Bumerang

28 Haziran 2011 Salı

İstanbul- Ayasofya




Ayasofya Müzesi

     Yine bir İstanbul gezisinden notlarla karşınızdayım. İstanbul geze geze bitecek gibi bir şehir değil elbette.Ne yapayım ben de gezebildiğim kadar yer gezip,fotoğraflayıp  bu güzellikleri başkalarıyla da paylaşmaya çalışıyorum.
     Tarihi yarımadaya gidince bütün eserler hep birden bana gel, bana gel diye sanki söz birliği etmişçesine sesleniyorlar. Ben de bu eserleri sıraya koyup gezmeye başlıyorum. İlk durağımız Ayasofya.İhtişamlı görüntüsüyle karşımızda duruyor.Tam karşısında da muhteşem Mavi Cami Sultanahmet. Neyse Sultanahmet şimdilik dursun ,ben Ayasofya'ya gireyim.
     
     Bu eser dünya mimarlık tarihinin günümüze kadar ayakta kalmış en önemli anıtları arasında yer almakta.Bu nedenle Ayasofya tarihi geçmişinin yanısıra mimarisi,mozaikleri ve Türk Çağı yapıları ile yüzyıllar boyunca tüm insanlığın ilgisini çekmiş.
     Ayasofya 916 yıl kilise, 481 yıl cami olmuş ve 1935'ten bu yana da müze olarak işlevini sürdürüyor.Bizans tarihçileri ilk Ayasofya'nın İmparator I. Konstantinos  zamanında yapıldığını ileri sürmüşler,fakat bu yapı bir ayaklanma sonucu yanmış ve günümüze hiç bir kalıntısı kalmamış.
     İmparator II. Theodosius Ayasofya'yı ikinci defa yaptırmış ve 415'te ibadete açmış fakat bu yapı da 532'de Nika ihtilali sırasında yanmış.
     İmparator Iustinians (527-565) ilk iki Ayasofya'dan daha büyük bir kilise yaptırmak istemiş, çağın ünlü mimarlarından Miletos'lu İsidoros ve Tralles'li Anthemios'a şimdiki Ayasofya'yı yaptırmış.Anadolu'nun antik şehir kalıntılarından sütunlar, başlıklar, mermerler ve renkli taşlar Ayasofya'da kullanılmak üzere İstanbul'a getirilmiş.

     Ayasofya'nın yapımına 23 Aralık 532'de başlanmış, 27 Aralık 537'de tamamlanmış.Mimari yönden bakıldığında  büyük bir orta mekan, iki yan mekan, iç ve dış narteksten  (kiliselerin hazırlık bölümü denilen küçük bölümler.Bu bölümde ayine gelen kimseler kıyafetlerini düzenlerler ve ayin için hazırlıklarını bir kez daha gözden geçirirlermiş)  meydana gelmiş.
     İç mekan 100 X 70 m. ölçüsünde olup üzeri 4 büyük ayağın taşıdığı 55 m. yüksekliğinde 30.31 m. çapında kubbe ile örtülmüş.
     Ayasofya'nın mimarisinin yanı sıra mozaikleri de o kadar muhteşem ki, ben defalarca  yanına gidip inceledim ve fotoğraflarını çektim ama  fotoğraflarda canlısı gibi görünmüyor tabi.En eski mozaikler iç narteks ve yan mekanlarda Altın yaldızlı geometrik ve bitkisel motifli olan mozaikler.
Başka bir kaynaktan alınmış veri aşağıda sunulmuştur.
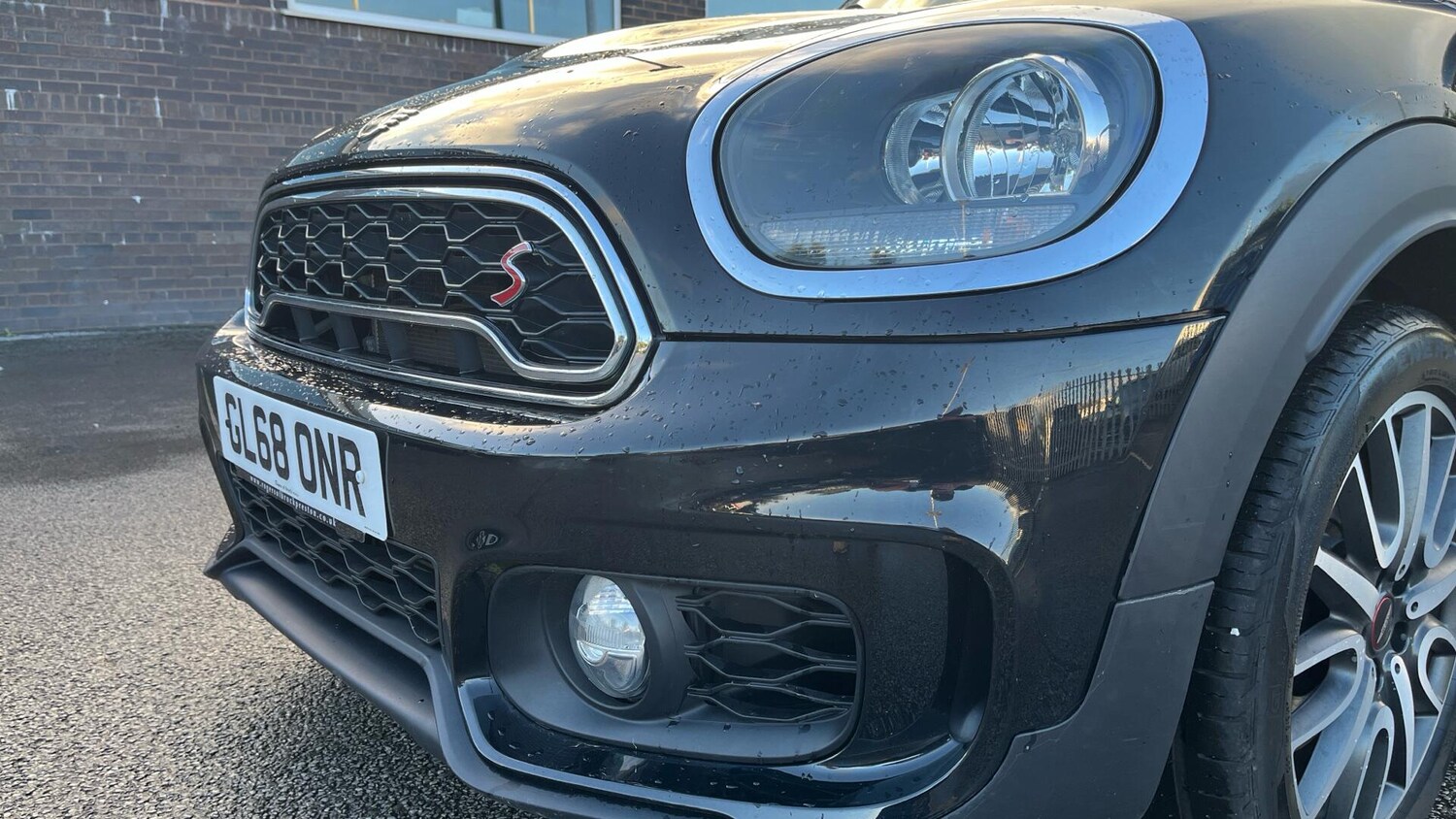 Used MINI Countryman 2018 for sale - 76831838: Photo 39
Figürlü mozaikler ise IX.-XII. yüzyıllarda yapılmış.Bunlar imparator kapısı , çıkış kapısı üzerinde ve üst kattaki galeride bulunmakta.
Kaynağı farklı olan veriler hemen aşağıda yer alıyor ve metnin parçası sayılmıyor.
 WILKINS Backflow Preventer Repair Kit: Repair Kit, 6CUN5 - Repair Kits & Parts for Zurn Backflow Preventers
     Ayasofya İstanbul'un fethi (1453) ile birlikte başlayan Türk döneminde çeşitli onarımlar görmüş.Mihrap çevresi Türk çini sanatı ve Türk yazı sanatının en güzel örnekleriyle süslenmiş.Bunlardan kubbedeki ünlü Türk Hattatı Kazasker Mustafa İzzet Efendi'nin Kuran'dan alınma bir suresi ile 7.5 m. çapındaki yuvarlak levhalar göz kamaştırıcı bir şekilde tepeden gelen ziyaretçilere bakıyor.Bu levhalarda Allah, Muhammed,Ömer,Osman,Ali,Hasan,Ebubekir,Hüseyin'in İsimleri yazılı.Mihrabın yan duvarlarında ise Osmanlı padişahlarının yazıp buraya hediye ettiği levhalar var.
     Ayasofya'yı benim bu şekilde anlatmam yetersiz kalıyor. Bu güzellikleri ve muhteşemliği görmek için  İstanbul'a yolu düşenler ya da İstanbul'da oturup ta halen görmeye gitmeyenlere  önerim mutlaka en kısa zamanda gidip görün derim.